Чтобы понять как из народа, пережившего Холокост, выскочил голем, способный поливать бомбами арабских детей, необходимо заглянуть в недра исторической травмы и узнать, почему сионисты не любят евреев, прошедших Аушвиц.
История еврейского народа пестрит погромами, квинтэссенцией которых стал Холокост. Те, кому удалось выжить, вышли из лагерей покалеченными людьми, чьи родные и близкие были обращены в золу. У многих не осталось никого и ничего – только пульс, вина уцелевшего и ярость.
Так возникает Накам – экстремистская организация, чьё название переводится как “месть” (основатель – левый сионист из Севастополя Абель Ковнер) и ставившая своей целью ликвидацию шести миллионов немецких граждан. В будущем, члены этой и подобных организаций определят политику Израиля, войдут в Моссад, устроят Накба.
После Холокоста многие из них разочаровались в левом гуманизме, что стало благоприятной почвой для роста правых настроений. Их сионизм поставил перед собой более амбициозную цель, чем создание нового еврейского государства в Палестине. Они решили создать нового еврея, который перестанет быть слабой и пассивной жертвой исторической несправедливости и станет сильным, активным, “маскулинным” евреем, способным вселять страх в своих врагов и гарантировать “никогда снова”. Отправляясь в Палестину, они клялись “памятью миллионов мучеников, убитых, сожжённых, замученных и изнасилованных” уничтожать всех, кто посмеет угрожать еврейскому народу.
Ложась на травму, религию, правые идеи и классовые интересы, эта цель произвела моральный аргумент, т.н. теологию возмездия, открывающую врата в бесконечность ‘праведного’ насилия. Его ключевым элементом является перенос. Отныне любой противник Израиля – это абсолютный, экзистенциальный враг – язычники, нацисты и амаликитяне, которых нужно уничтожить полностью, чтобы восстановить достоинство еврейского народа (а с ним и их бога). В своей крайней форме теология возмездия становится мессианским реализмом и требует кровавого катаклизма, очищающего еврейский народ в акте совершаемого им насилия в отношении всех “врагов”.
“Есть смысл убивать детей [врага]… из-за той опасности, которую они представляют в будущем, когда вырастут, вероятно, столь же злыми, что и их родители” (раввин Ицхак Шапира)
Сила и насилие как залог безопасности и выживания – такова идеология партии Ликуд, а до неё – Херут, а до неё – Иргун.
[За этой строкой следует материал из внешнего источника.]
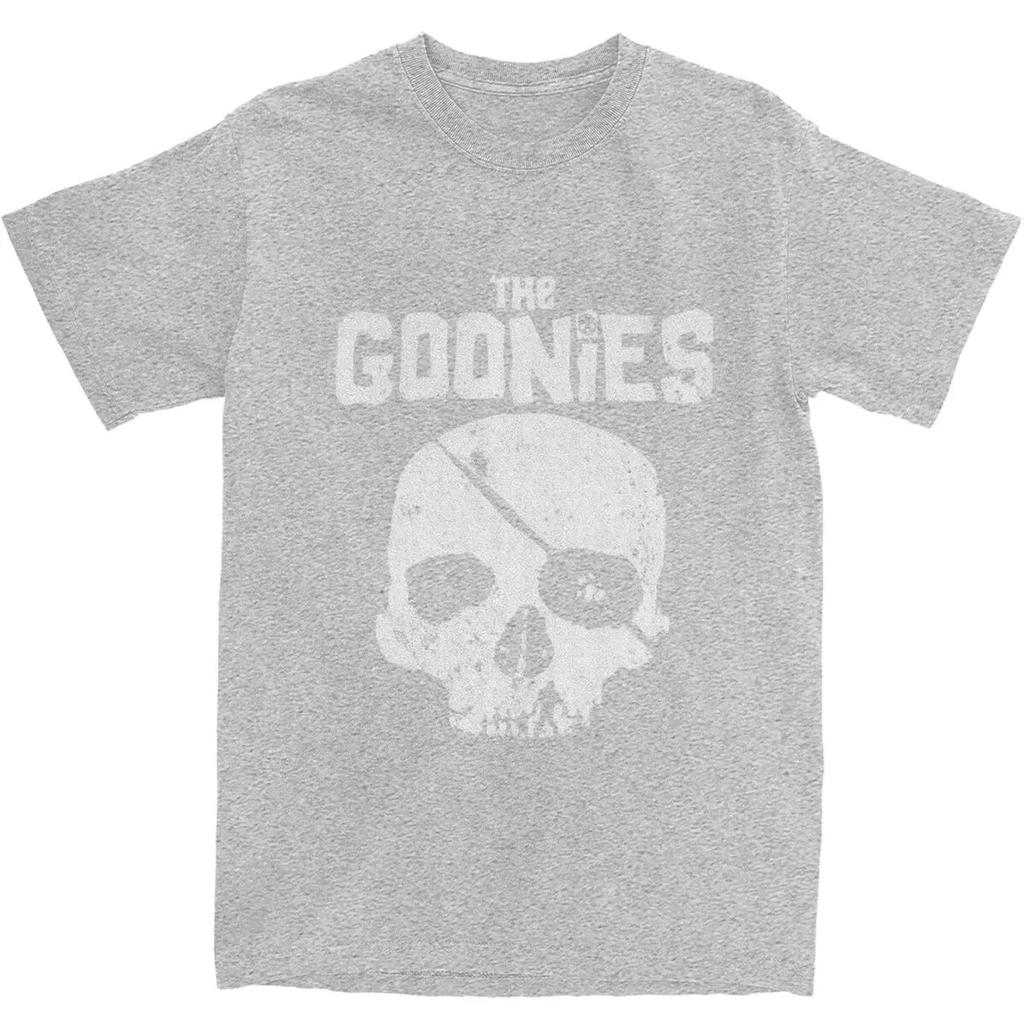 new The Goonies Skull Logo Men Women T Shirts Merchandise Fashion Tee Shirt T-Shirts 100% Cotton Graphic Printing Clothes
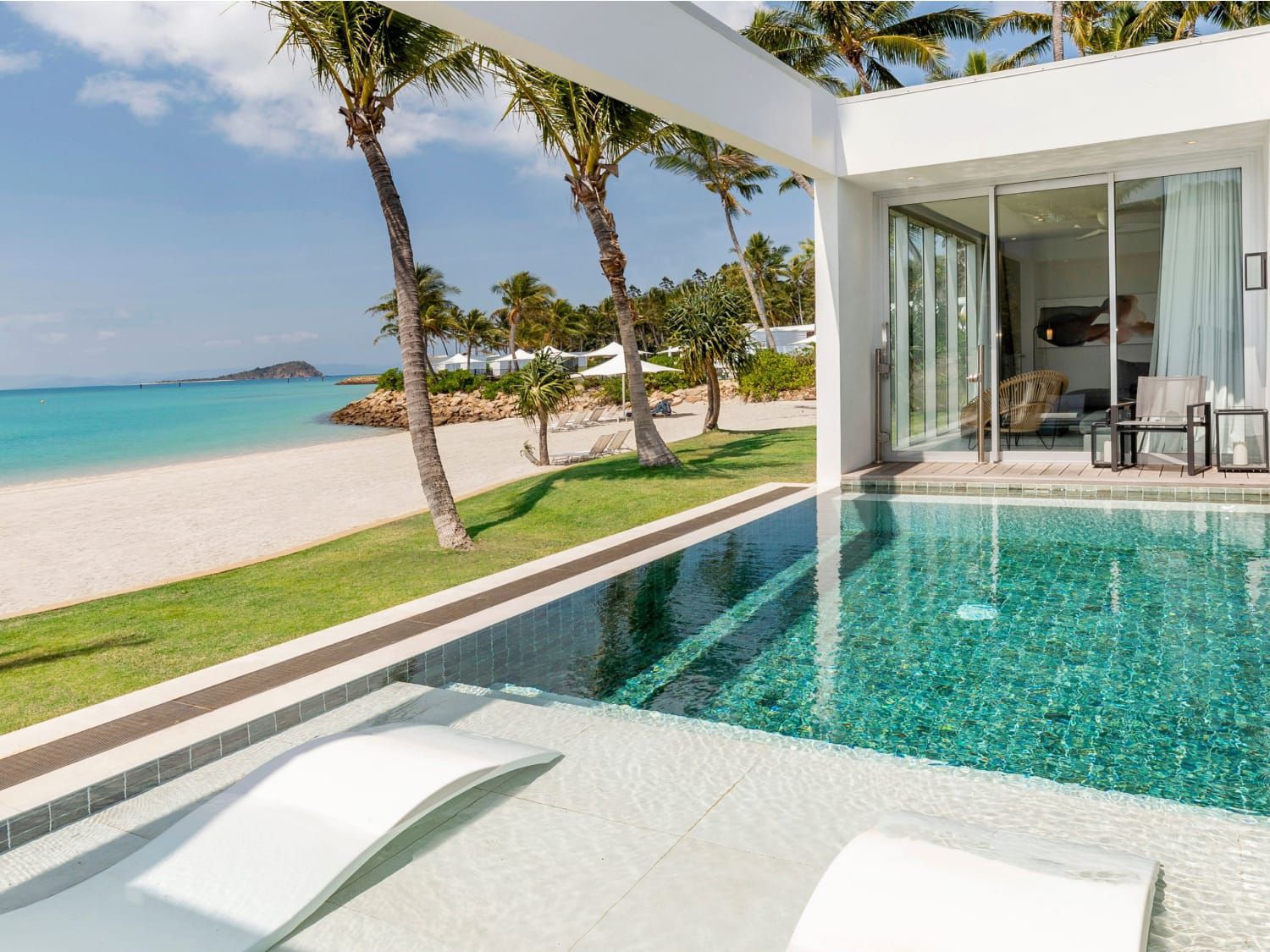 Sonnenuntergang am Pool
Иными словами, идеи, определившие официальную политику Израиля, являются экстремистскими. И относятся к течению ревизионистского сионизма, который не предполагает компромиссов с “туземцами”, и ведом людьми, чью жажду возмездия невозможно утолить никакой кровью и… ненавидящими себя.
В глазах ряда сионистов жертвы Холокоста были слабаками, виновными в бездействии и заходившими в газенвагены подобно овцам. Образ голого и униженного еврея представляется им постыдным и вытесняется из зеркала, в котором хочется увидеть нечто иное. Но что?
Я не случайно упомянул голема, чей миф занимает центральное место в еврейском фольклоре и является одним из ключей к пониманию происходящего в Газе. Ведь что такое голем? Это – монстр, которого раввин призывает к жизни, чтобы защитить еврейский народ от нападок. Миф о големе выражает глубинный страх еврея: в любой момент, соседи могут ополчиться на тебя, и потому тебе придётся вызвать монстра, – страшное, но необходимое зло, – чтобы спастись.
Именно поэтому ответ Израиля всегда чрезмерен в своём насилии, которое является компульсивным антитезисом еврею как жертве, идущей на убой.
В акте возмездия, еврей воспроизводит пережитое им насилие, возвращает его символическому врагу, пытаясь переварить и выплюнуть Холокост. Что ведёт к новым виткам насилия, беременеющего собой.
Согласно мифу, чтобы оживить голема, нужно начертать у него на лбу слово “эмет”, что означает “истина”. Если стереть первую букву, останется “мет”, то есть “смерть” — и голем распадётся. Вопрос лишь в том, как еврейскому народу дотянуться до лба своего голема прежде, чем этот монстр сотворит в Газе трагедию, ужас и боль которой никто не понимает лучше, чем еврейский народ.